Try it >>
Every line of the entries below that carries the string "Drive" should be copied.

[Records drawn from a dataset]
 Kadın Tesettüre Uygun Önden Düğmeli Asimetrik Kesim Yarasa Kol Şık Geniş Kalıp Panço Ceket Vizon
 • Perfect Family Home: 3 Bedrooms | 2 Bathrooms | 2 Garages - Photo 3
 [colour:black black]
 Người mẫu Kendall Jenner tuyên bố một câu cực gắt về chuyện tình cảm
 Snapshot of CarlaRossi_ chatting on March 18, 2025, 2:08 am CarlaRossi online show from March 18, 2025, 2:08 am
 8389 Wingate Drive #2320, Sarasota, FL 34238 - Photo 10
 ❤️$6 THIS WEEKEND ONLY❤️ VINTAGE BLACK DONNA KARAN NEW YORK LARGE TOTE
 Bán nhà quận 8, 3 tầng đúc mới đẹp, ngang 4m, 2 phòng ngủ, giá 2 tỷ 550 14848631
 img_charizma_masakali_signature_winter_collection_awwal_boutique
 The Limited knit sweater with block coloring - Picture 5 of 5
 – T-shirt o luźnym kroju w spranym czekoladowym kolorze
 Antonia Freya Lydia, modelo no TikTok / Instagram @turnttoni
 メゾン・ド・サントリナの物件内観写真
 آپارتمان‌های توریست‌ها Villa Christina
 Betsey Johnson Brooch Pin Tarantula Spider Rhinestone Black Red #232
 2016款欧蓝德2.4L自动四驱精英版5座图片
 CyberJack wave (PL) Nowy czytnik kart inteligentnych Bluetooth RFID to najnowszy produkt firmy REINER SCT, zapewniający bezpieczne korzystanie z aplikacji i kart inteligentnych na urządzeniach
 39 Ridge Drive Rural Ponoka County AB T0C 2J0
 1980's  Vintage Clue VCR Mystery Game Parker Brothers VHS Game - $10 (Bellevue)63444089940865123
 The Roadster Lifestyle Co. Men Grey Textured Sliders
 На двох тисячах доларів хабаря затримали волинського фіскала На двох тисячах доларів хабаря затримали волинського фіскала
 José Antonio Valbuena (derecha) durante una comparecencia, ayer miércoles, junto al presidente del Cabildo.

Exercise response >>
 8389 Wingate Drive #2320, Sarasota, FL 34238 - Photo 10
 39 Ridge Drive Rural Ponoka County AB T0C 2J0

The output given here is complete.